What you should do
Copy out the data below from the line containing "Photo of model @u529094196" to the line containing "Arka plan olarak terk edilmiş bir binada dış", both lines included, with all images left out.

Records for the task

----------------

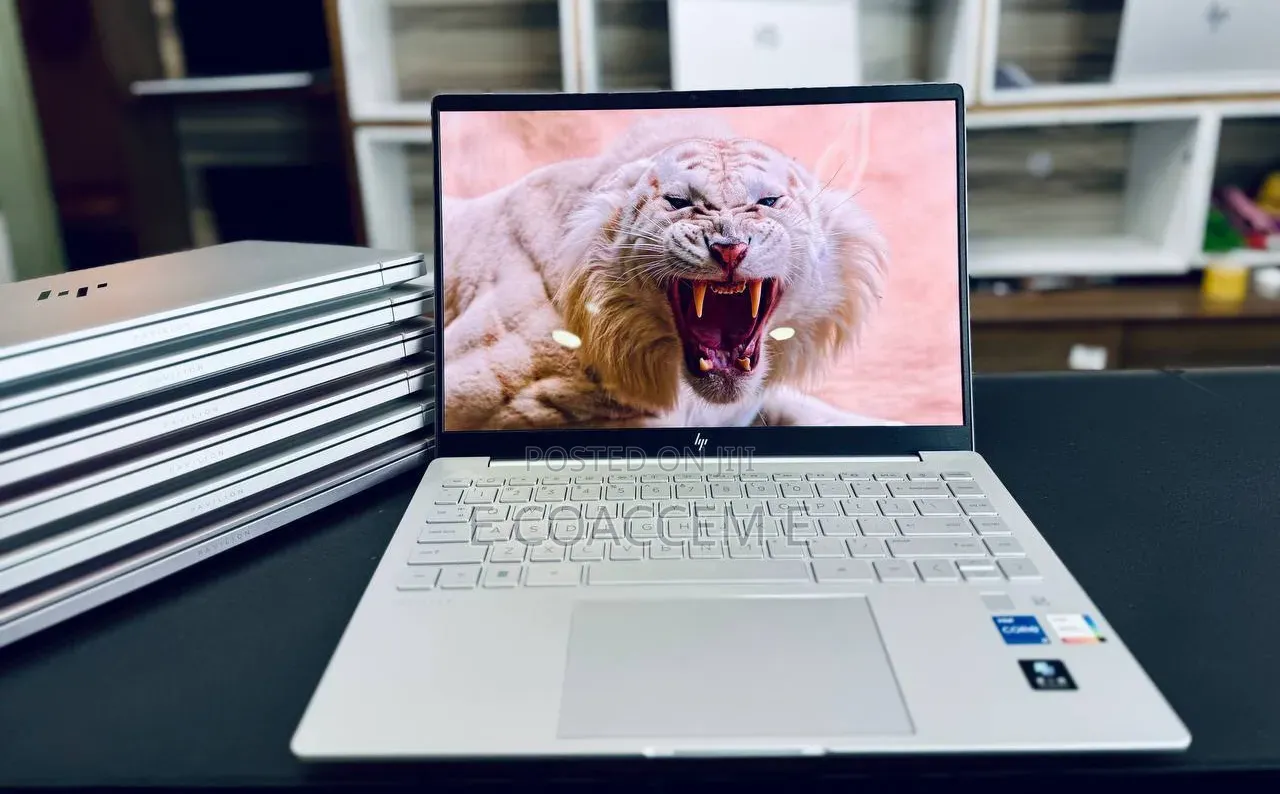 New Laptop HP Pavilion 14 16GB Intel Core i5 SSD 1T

----------------

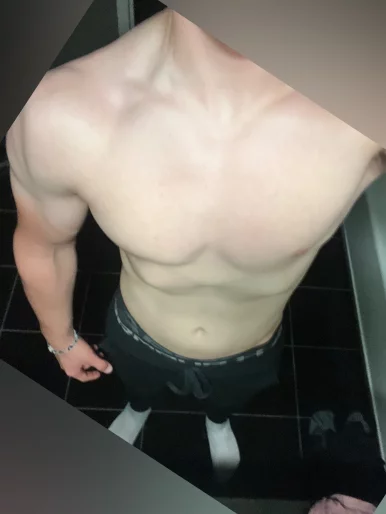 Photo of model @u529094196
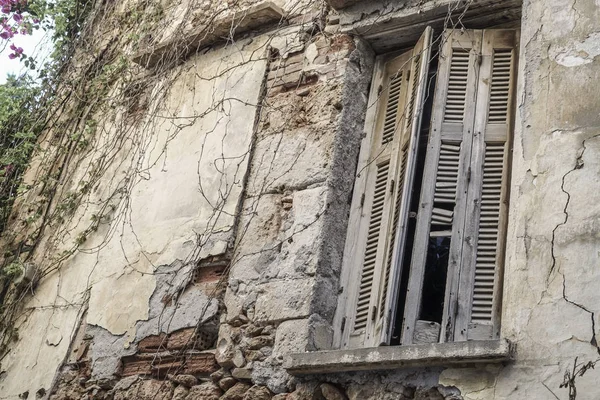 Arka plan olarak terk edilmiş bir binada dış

----------------

Answer space
 Photo of model @u529094196
 Arka plan olarak terk edilmiş bir binada dış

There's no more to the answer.